Green’s Dictionary of Slang

nyam n.

also nyam-nyam
[var. on yam n.]

(orig. W.I.) food.

[UK]Hamel, Obeah Man II 316: Your white man’s country has room for you all, and land and nyam-nyam enough.
[UK]Marly; Planter’s Life in Jamaica 52: Dey good nyam for him neger, massa! Him, Sir Charles Price, [a large cane rat] good nyam for him neger, massa!
[UK]M. Scott Cruise of the Midge II 208: ‘Now, sir what you doz wid your mout?’ ‘Nyam plawn’ * Creole for ‘eat plantain’.
[US]H.G. Murray ‘Tom Kittle’s Wake’ in D’Costa & Lalla Voices in Exile (1989) 109: Daddy, da de people da eat dem new nyams.
[WI]J. Speirs Proverbs of British Guiana 12: Buy you’ nyam, nyam accordin’ to you money.
[WI]Anderson & Cundall Jamaica Proverbs and Sayings 16: Nyam-nyam wi’ full you belly, but breeze can’t full you.
[US]C. McKay ‘Pay Day’ Constab Ballads 53: Man dem, wid dem hungry gut, / Six long fortnight nyam me rash.
[WI]J.G. Cruickshank Black Talk 1: He-self a gi’ me nyam.
[US]M. Beckwith Jamaica Proverbs (1970) 91: Nyam-nyam will fill belly, but breeze no fill gut.
[US]G.B. Johnson ‘Speech of the Negro’ in Botkin Folk-Say 356: Buckra, white man, cooter, terrapin, yam or nyam, to eat, ki, an exclamation, are very probably African.
[US]F.G. Cassidy ‘Iteration as a Word-forming Device in Jam.

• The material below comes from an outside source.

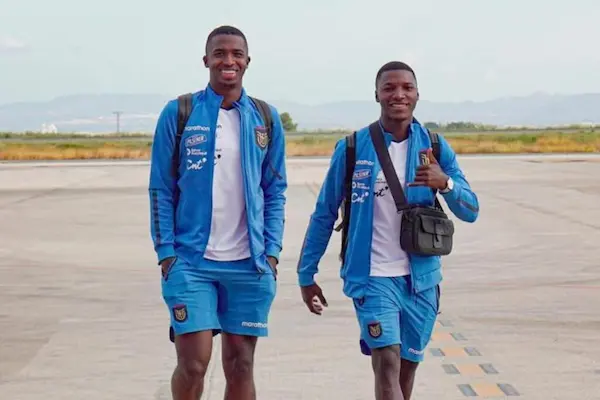 Representantes ecuatorianos en los Premios The Best 2025.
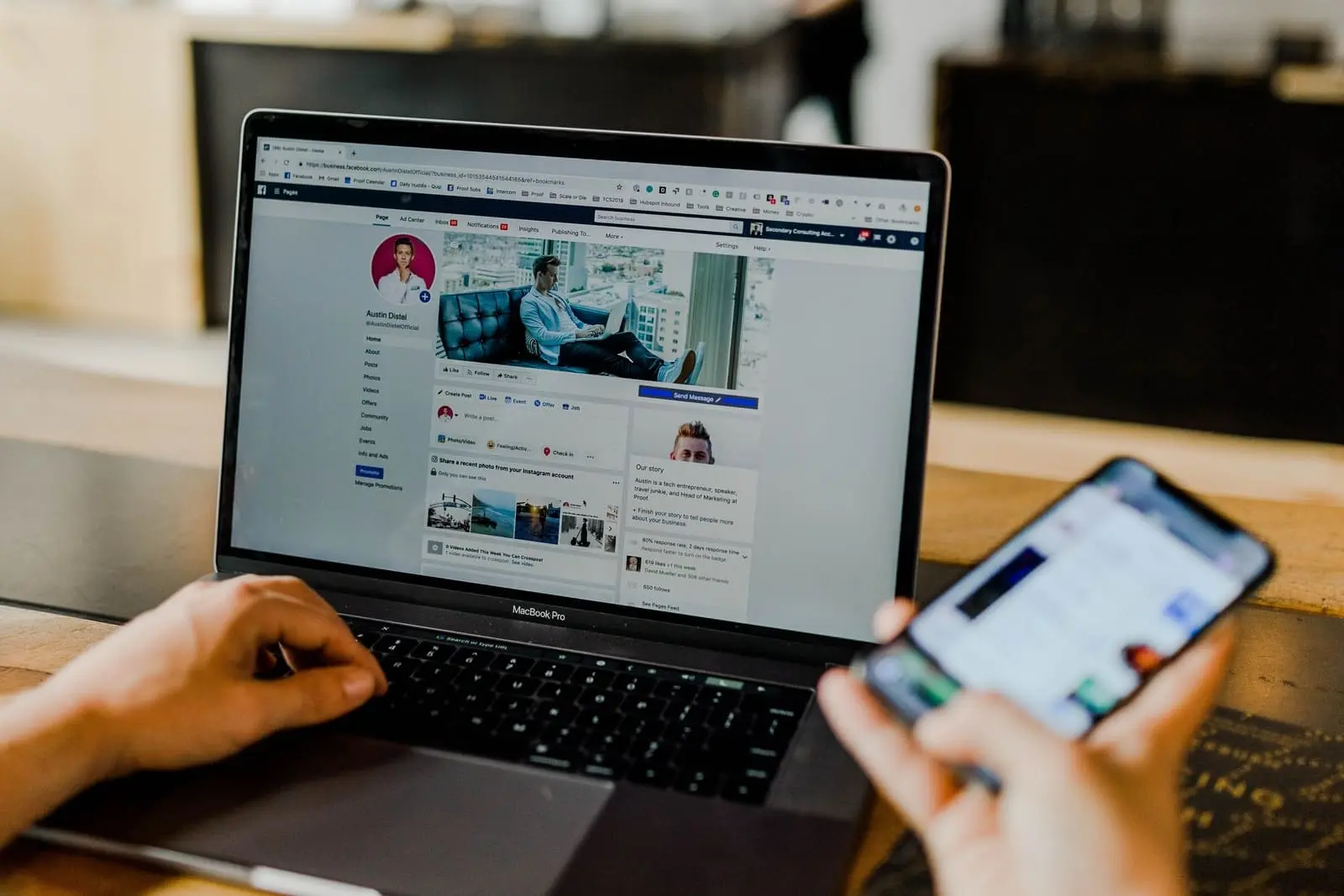 Un ordinateur portable affichant une page Facebook professionnelle, avec les mains d'une personne qui tape sur le clavier, symbolisant la gestion de la présence en ligne et de la vitrine digitale d'une entreprise.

Folk Speech’ in AS XXXII:1 50: nyam-nyam, food.
[WI]L. Bennett ‘Cuss Cuss’ in Jamaica Labrish 189: Me sorry fe de man yuh get / De po’ ting hooden nyam.
[UK]T. White Catch a Fire 258: Everything would be [...] taken back to Hope Road where gilly would prepare the communal ‘ninyam’ (meal).